In 2010, Weight Watchers released its revamped formulas for calculating food points. The new formulas reflected changes in nutrition and weight-loss research since the advent of the former system in 1997. The new formulas take into account that fruits and vegetables are healthier than processed food with similar caloric contents. For example, an apple and a cookie might contain the same number of calories, but the apple contains more nutrients.

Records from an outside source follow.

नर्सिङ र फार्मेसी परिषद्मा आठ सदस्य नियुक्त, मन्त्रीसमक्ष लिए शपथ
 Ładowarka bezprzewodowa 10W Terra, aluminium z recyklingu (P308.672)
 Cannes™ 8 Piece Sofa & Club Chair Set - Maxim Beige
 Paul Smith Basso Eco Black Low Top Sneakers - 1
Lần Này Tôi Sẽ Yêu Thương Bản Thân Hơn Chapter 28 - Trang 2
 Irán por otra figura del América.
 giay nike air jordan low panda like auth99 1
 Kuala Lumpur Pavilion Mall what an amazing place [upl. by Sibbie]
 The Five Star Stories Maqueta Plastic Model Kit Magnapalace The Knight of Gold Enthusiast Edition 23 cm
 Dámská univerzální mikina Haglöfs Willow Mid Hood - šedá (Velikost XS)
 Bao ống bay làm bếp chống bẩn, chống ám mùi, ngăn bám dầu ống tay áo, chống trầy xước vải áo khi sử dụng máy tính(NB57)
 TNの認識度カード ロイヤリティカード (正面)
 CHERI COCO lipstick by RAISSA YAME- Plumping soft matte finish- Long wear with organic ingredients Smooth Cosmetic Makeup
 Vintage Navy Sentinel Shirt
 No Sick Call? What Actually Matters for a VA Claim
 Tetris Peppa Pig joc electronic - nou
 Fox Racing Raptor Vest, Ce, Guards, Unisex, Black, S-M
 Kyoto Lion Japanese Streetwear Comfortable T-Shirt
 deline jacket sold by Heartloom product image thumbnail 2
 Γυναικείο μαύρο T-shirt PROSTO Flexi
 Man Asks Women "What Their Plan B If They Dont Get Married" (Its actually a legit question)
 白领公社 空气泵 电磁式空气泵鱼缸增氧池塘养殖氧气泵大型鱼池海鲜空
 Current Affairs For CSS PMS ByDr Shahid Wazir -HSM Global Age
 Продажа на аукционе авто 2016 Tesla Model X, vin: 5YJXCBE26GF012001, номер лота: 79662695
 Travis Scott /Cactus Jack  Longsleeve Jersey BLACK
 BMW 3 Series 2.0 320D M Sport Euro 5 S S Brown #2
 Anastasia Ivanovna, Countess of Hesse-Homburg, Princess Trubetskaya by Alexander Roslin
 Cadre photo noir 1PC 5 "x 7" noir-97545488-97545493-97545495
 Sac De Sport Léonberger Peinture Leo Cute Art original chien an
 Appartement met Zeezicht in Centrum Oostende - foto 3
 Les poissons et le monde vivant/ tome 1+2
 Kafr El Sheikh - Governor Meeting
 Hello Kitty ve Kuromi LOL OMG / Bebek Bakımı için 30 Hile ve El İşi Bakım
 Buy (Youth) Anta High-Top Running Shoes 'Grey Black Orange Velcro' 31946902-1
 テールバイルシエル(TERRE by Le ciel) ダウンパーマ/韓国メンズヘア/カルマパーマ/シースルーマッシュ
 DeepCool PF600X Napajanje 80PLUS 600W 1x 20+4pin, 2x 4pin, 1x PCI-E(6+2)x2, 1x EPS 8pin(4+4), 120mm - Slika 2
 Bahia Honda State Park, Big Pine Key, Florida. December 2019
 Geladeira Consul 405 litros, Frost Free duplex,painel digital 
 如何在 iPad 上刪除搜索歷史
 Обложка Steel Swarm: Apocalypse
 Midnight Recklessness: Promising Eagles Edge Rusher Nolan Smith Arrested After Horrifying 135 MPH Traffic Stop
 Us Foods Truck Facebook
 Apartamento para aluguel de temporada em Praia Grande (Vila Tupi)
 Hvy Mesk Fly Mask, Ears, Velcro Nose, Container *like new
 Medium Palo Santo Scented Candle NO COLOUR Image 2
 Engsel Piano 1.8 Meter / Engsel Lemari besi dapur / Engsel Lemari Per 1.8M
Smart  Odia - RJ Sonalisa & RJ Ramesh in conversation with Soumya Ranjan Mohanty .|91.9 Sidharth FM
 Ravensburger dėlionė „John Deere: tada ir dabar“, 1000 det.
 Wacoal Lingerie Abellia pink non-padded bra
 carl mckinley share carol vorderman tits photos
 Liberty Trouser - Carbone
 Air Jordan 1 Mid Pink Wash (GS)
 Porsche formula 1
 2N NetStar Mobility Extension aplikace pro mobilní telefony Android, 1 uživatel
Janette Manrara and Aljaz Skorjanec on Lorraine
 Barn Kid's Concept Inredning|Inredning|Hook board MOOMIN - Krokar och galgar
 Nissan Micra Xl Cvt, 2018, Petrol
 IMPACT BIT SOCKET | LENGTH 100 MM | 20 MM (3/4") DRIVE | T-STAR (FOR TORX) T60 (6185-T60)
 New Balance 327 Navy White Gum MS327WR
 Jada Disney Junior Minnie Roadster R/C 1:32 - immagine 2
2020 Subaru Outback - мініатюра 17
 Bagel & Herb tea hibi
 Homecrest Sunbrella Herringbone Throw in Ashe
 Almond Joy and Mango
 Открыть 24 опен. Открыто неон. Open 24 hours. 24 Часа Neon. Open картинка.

Generally, the Weight Watchers approach to dieting is to work with customers to develop an eating plan that provides sufficient nutrients and calories, yet promotes weight loss. To do this, customers have a personalized balance of points they can eat in a day. Weight Watchers uses proprietary formulas to calculate the numbers of points different foods have. As of 2010, the lowest amount of points Weight Watchers assigns is zero.
The overhaul, made public in 2010, led to the designation of most fruits and vegetable as zero-point foods. Only clients can access the full list of qualified fruits and vegetables; however, most seem to be included on the list. The change reflects the fact that fruits and vegetables generally are healthier choices for dieters. For example, these foods typically have a high fiber, nutrient and water content, but relatively few calories. Consequently, fruits and vegetables are an effective part of a low-calorie diet. The new points system is called PointsPlus.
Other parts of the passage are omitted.